Lyme disease was first identified in Texas in 1984 and it’s estimated that 50-275 people are infected every year in the state, caused by the blacklegged tick, Ixodes scapularis.
Texans are at risk of getting Lyme disease from native sources, by migrating birds and animals, and from travelling to other endemic areas. Visitors to any undeveloped countryside are at considerable risk of being bitten by ticks that carry the Lyme disease bacteria.
Ticks can be caught in high grass, golf courses, school playgrounds, farms, ranches, and in private yards. Those who engage in outdoor activities may be exposed to Lyme and should take proper precautions. Pets can also bring ticks into the home, placing family members at risk.
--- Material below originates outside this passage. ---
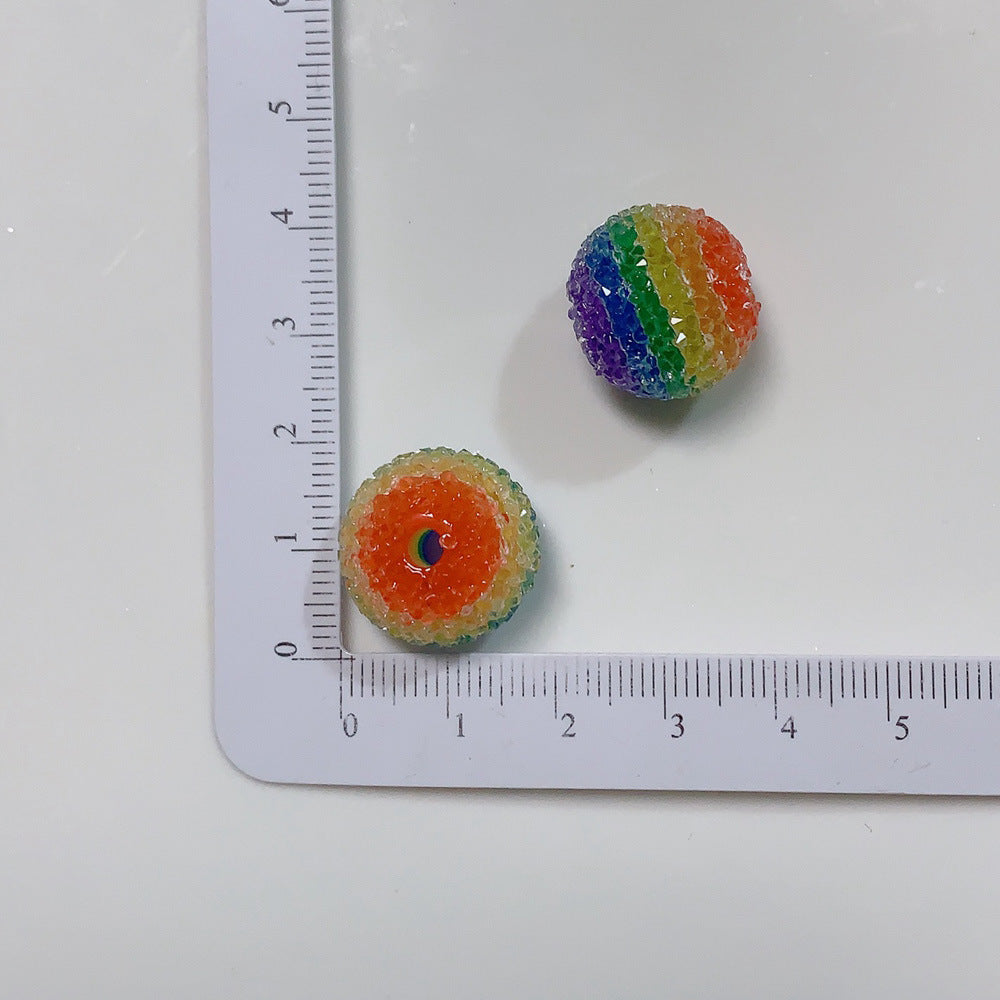 19MM DIY Resin striped rainbow granulated sugar beads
There are six reportable tick-borne illnesses in Texas: babesiosis, ehrlichiosis (including anaplasmosis), Lyme disease, Rocky Mountain spottedfever, tularemia, and tick-borne relapsing fever. Additionally, a Lyme-like illness known as STARI (Southern Tick-Associated Rash Illness), transmitted by the Lone Star Tick, is reportable as Lyme disease.
Lyme disease in Texas and STARI
A rash similar to the rash of Lyme disease has been described in humans following bites of the lone star tick, Amblyomma americanum, a tick very common in Texas. This rash may be accompanied by fatigue, fever, headache, muscle and joint pains and has been named southern tick-associated rash illness (STARI). The cause of STARI is not known.
The rash and other symptoms of STARI usually are treated with an oral antibiotics, but it is unknown whether this medication speeds recovery. For someone living in Texas it’s crucial to be aware of any health change following a tick bite. If rash, fever, headache, joint or muscle pains, or swollen lymph nodes develop within 30 days of a tick bite, a doctor should be consulted, because those can be symptoms of tick-borne diseases like Lyme, STARI or other.